··· Data excerpt

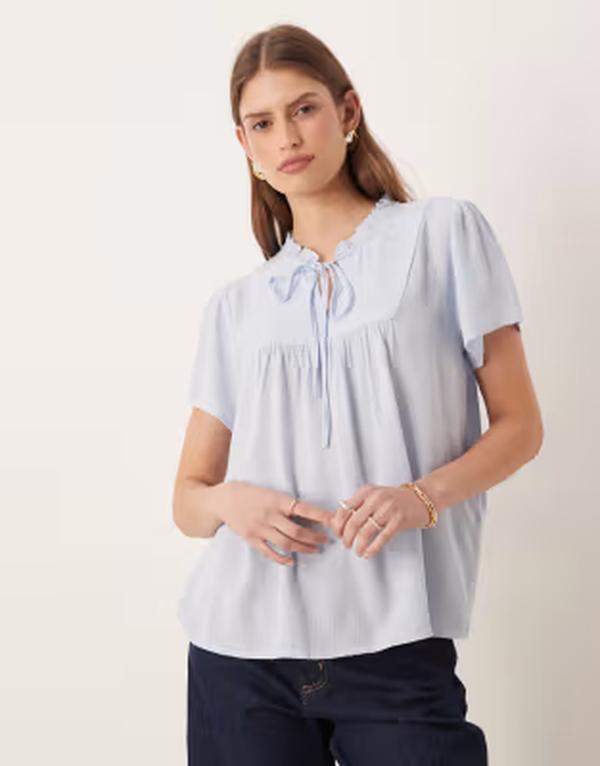 ジェイディーワイ レディース トップス シャツ ドット ブラウス JDY pussybow short sleeve blouse in light blue textured polka dots Kentucky blue ブルー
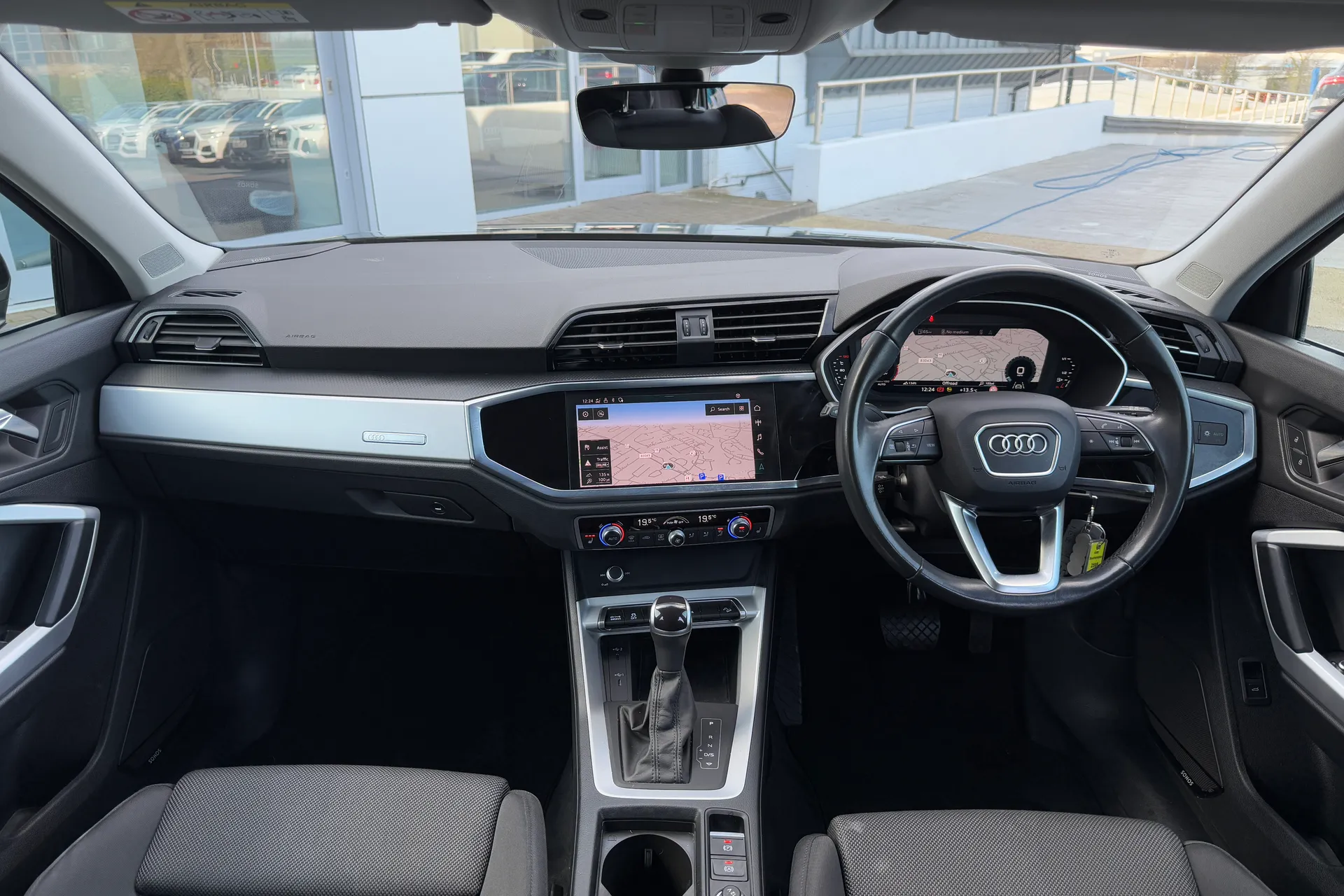 Audi Q3 thumbnail image number 3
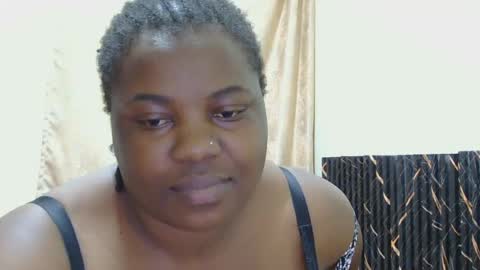 Snapshot of liilcutiee chatting on July 12, 2026, 8:11 pm Lily online show from July 12, 2026, 8:11 pm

······

**Aim of the task:**
Once the line with "Audi Q3 thumbnail image number 3" is found, output it and every line after it through the end of the listing, exactly, without pictures.

**Problem solution:**
 Audi Q3 thumbnail image number 3
 Snapshot of liilcutiee chatting on July 12, 2026, 8:11 pm Lily online show from July 12, 2026, 8:11 pm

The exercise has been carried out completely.